Personal information
- Born: October 4, 1872 Manchester, New Hampshire, U.S.
- Died: February 5, 1955 (aged 82) New Smyrna Beach, Florida, U.S.
- Coaching career: 1915–1950

Career history

Coaching
- 1915–1924: Passaic HS
- 1925–1950: St. Benedict's Preparatory School
- 1925–1926: Army
- Potsdam Normal School
- Clarkson

Career highlights
- Seven New Jersey state high school championships; Five New Jersey prep school championships; 159-game high school winning streak (1919–1925);
- Basketball Hall of Fame
- Basketball Hall of Fame

= Ernest Blood =

American basketball coach

Ernest Artel Blood (October 4, 1872, Manchester, New Hampshire – February 5, 1955) was a high school and college men's basketball coach. He was best known for his "Wonder Teams" at New Jersey's Passaic High School, which lost only one game in the span of a decade and set an American high school record for most consecutive victories.

As a basketball innovator who focused on team play and a clean lifestyle in which players were prohibited from drinking or smoking, Blood emphasized the fast break, well-controlled passing and the full-court press over individual performance. Known as the "Professor", he was also a showman who would wrestle the team's bear cub mascot at halftime and could toss a 16-pound shot put into the air and catch it on the back of his neck.
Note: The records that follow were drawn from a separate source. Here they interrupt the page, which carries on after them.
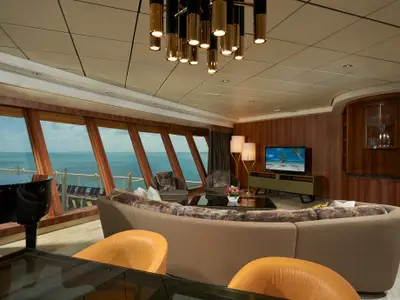 Luxuriöser Wohnbereich einer Suite an Bord der Norwegian Dawn. Mit beigem Rundsofa, schwarzem Flügel und großen Fenstern mit Meerblick.
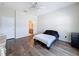 This bedroom features wood floors, is adjacent to a bathroom, and has plenty of natural light at 15205 Durango Cir, Brooksville, FL 34604
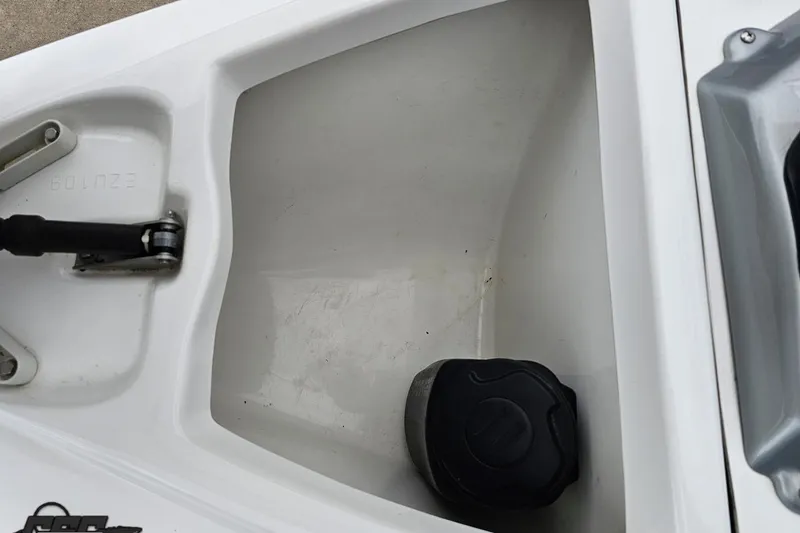 Slide: The Image of Storage compartment of a 2007 Sea-Doo 150 Speedster boat, featuring a black cap. - 72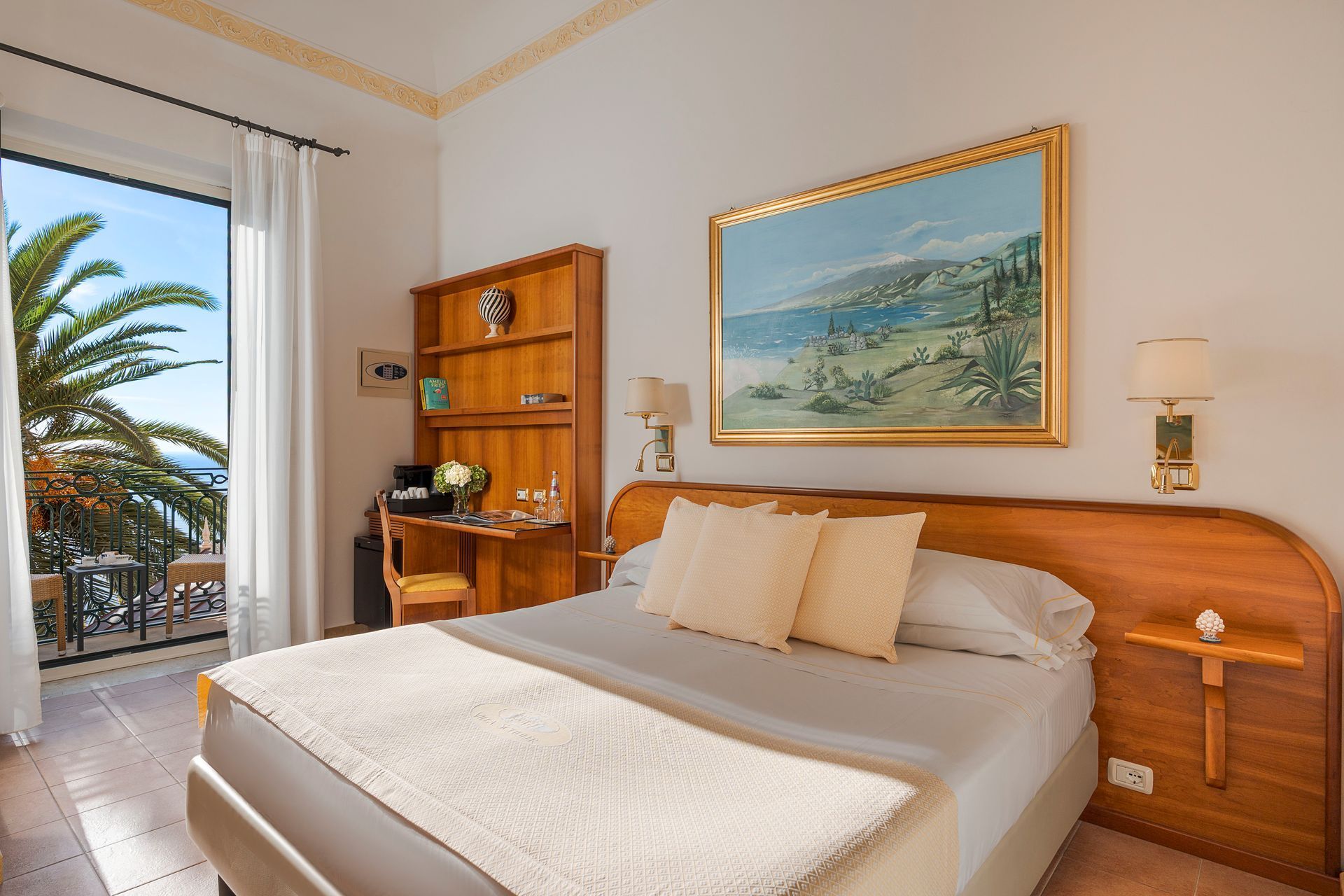 Chambre lumineuse avec lit, balcon avec vue et palmiers à l'extérieur de la fenêtre.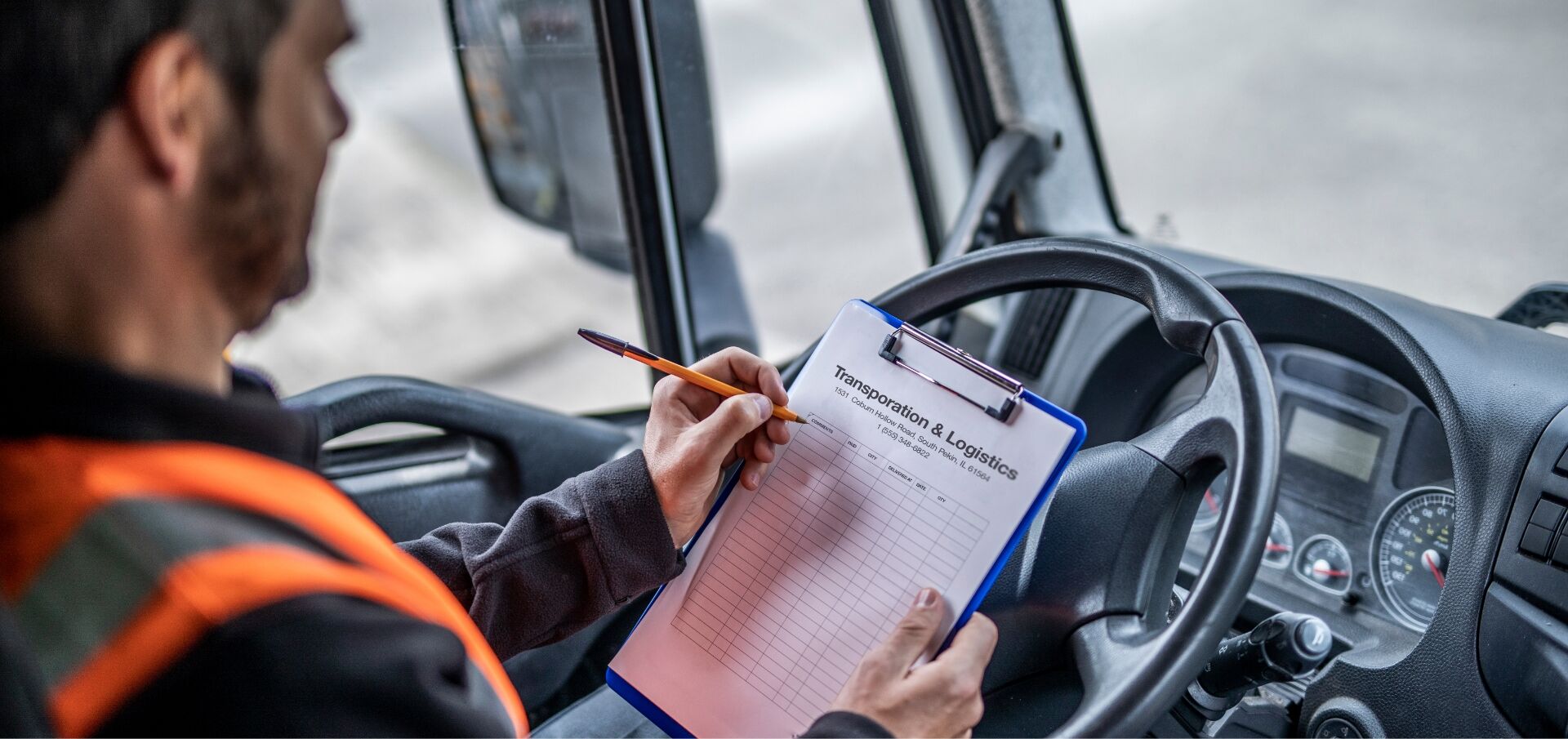 Up close Trucker filling out trucker logs in his vehicle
Between 1915 and 1924 he coached Passaic High School to a remarkable 200–1 record, winning seven state basketball championships during his tenure, though the team's success on the court created conflict between Blood and the school's principal, Arnold D. Arnold, who thought that the team's overwhelming athletic accomplishments were distracting students from their academics. Passaic High's 1921-22 basketball team finished the season with a record of 33-0 and outscored its opponents by a margin of 2,293-612, scoring almost four times as many points as their foes did in each game. Passaic was unbeaten for more than five seasons, and won 159 consecutive games from 1919 to 1925, a feat which considered to be the longest winning streak in high school basketball history in the United States. The streak ended on February 6, 1925, after Blood had already left Passaic High, in a game the Hilltoppers lost 39-35 to the Hackensack High School Comets. The game, played at the Hackensack Armory, was said to have been designed to slow down the Passaic High fast break through the placement of sawdust on the playing surface.
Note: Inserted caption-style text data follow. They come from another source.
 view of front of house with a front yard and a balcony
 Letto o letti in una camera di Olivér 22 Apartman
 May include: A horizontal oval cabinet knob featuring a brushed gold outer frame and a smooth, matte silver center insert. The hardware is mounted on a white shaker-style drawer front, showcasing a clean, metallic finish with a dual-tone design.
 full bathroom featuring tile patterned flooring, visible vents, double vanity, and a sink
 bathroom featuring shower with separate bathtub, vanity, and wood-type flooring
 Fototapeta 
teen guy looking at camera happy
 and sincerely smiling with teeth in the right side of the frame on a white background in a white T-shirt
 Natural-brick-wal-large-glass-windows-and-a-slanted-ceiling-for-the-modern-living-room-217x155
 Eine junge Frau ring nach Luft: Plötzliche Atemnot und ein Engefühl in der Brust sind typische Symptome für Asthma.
Blood coached St. Benedict's Prep from 1925 to 1950 to a 421–128 record, winning five prep-school state championships during his quarter-century at the school. He briefly coached at United States Military Academy (West Point) and Potsdam Normal School (predecessor of SUNY Potsdam as well as at Clarkson Universityl.

He won a grand total of 1,200 games over the span of his 50 years in basketball, coaching YMCA, high school, prep school and college teams. In recognition of all of his accomplishments as a basketball coach, Blood was one of ten individuals inducted into the Basketball Hall of Fame in Springfield, Massachusetts with the class of 1960, the second year of the Hall's existence (in the same class with John Wooden, who was initially enshrined as a player and only later as a coach).

Blood died in New Smyrna Beach, Florida on February 5, 1955 from a cerebral hemorrhage.